His misses became more newsworthy than his goals, which came few and far between. He looked like a fish out of water under the coaching of both Carlo Ancelotti last season and Andre Villas-Boas for most of the just-finished campaign.

One thinks his arrival at Stamford Bridge was likely influenced more by Blues owner Roman Abramovich than Ancelotti, and it goes without saying that the Italian boss had his work cut out for him trying to construct cohesive lineups with three out-and-out strikers (Didier Drogba, Nicolas Anelka and Torres) on his books.

Matters didn't improve much after Villas-Boas took over at the start of 2011-12—Torres scored just two league goals while AVB was manager—but after Roberto di Matteo took over in early March, the Spaniard looked reborn.

It was a resurgence shared by many of the senior players at Chelseatake Ashley Cole, for example—but Torres's rise was near-meteoric.

Torres's relationship with Villas-Boas was notably tenuous.
Torres's relationship with Villas-Boas was notably tenuous.Clive Brunskill/Getty Images

Suddenly he was attacking the gaps in the final third with a vengeance not seen since those first Liverpool days.

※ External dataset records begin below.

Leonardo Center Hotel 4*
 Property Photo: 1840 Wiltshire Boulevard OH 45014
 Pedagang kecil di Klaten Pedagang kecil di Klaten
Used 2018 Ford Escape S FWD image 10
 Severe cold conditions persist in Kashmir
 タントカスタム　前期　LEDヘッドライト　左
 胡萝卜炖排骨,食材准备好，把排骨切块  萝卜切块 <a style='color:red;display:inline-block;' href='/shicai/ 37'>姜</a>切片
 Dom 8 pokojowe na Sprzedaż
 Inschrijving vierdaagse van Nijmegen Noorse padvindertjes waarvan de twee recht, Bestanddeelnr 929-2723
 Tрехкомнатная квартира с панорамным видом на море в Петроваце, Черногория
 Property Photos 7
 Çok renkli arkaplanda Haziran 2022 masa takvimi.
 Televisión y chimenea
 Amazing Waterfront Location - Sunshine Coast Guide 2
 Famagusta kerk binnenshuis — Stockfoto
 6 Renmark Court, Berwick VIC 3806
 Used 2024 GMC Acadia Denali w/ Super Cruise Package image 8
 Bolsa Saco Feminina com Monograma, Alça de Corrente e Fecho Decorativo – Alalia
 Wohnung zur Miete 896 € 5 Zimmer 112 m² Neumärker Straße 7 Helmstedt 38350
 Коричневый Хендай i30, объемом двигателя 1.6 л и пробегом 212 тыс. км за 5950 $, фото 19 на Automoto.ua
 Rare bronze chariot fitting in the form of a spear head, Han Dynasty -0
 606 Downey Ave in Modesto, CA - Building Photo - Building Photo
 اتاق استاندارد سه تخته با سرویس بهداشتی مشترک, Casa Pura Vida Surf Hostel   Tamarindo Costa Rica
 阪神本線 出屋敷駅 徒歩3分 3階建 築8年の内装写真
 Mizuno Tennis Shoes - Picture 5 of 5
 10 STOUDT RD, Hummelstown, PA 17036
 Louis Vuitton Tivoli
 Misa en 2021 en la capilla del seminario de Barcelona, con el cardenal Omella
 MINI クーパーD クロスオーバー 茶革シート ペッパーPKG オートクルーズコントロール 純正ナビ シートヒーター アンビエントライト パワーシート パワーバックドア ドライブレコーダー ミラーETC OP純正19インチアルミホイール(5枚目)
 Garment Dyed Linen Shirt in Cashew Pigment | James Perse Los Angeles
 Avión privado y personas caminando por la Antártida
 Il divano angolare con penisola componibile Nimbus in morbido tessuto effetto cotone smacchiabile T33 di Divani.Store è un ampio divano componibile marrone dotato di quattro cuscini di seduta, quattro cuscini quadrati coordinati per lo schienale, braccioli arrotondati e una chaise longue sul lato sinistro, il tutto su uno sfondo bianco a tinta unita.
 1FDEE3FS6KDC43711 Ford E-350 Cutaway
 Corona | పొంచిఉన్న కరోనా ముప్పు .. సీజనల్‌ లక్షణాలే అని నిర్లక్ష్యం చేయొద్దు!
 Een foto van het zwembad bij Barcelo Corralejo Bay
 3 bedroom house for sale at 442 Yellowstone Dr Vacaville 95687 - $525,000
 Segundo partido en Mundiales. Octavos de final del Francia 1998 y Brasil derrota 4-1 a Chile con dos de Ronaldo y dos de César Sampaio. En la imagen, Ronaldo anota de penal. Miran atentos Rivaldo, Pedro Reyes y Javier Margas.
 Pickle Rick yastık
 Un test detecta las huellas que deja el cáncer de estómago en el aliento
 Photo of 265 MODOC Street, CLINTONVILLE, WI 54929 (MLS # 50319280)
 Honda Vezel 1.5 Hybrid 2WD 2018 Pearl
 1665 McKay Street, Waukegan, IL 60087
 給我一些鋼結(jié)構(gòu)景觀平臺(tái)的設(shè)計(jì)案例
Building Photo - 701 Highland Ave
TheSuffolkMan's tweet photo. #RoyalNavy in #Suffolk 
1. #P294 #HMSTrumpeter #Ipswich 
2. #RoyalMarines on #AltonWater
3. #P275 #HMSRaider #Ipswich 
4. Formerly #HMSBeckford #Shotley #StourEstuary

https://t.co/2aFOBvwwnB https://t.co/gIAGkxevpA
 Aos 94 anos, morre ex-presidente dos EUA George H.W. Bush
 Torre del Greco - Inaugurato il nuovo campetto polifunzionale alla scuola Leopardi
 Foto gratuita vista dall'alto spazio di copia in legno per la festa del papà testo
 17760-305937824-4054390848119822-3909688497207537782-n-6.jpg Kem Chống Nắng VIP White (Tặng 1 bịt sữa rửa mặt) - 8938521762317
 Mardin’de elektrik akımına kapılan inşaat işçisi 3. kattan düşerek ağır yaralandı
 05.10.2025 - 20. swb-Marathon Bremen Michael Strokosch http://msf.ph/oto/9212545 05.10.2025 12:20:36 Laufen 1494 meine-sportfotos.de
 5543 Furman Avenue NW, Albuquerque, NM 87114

His inconsistency remained—after so many years of foundering, it's hard to shake that at a moment's notice—but he was far more dangerous than he had been. That much was evident.

And it was on show against Bayern on Saturday. Torres's work led to Chelsea's first and only corner on the night in Munich. That corner would lead to Didier Drogba's headed equalizer.

It was a vital contribution from the Spaniard, and it showed that, at 28, he can still play a decisive role on the grandest occasions. He's showed us that before, obviously, but we'd almost forgotten just how good this guy could be.

Now it appears he wants to continue his revitalization away from Chelsea. After being named to Spain's squad for the European Championships next month, he has revealed he will hold showdown talks with his current club in regards to his future.

Given how influential he was in the UCL final, any number of suitors would figure to be lining up to acquire his services.

But with Munich hero Didier Drogba set to leave Stamford Bridge this summer, and Anelka already gone, Torres could be the main striker for Chelsea next season.

Wouldn't that be a fitting scene for him to return to glory: the club he'd struggled so famously with at the start of his tenure. Almost smacks of a film script.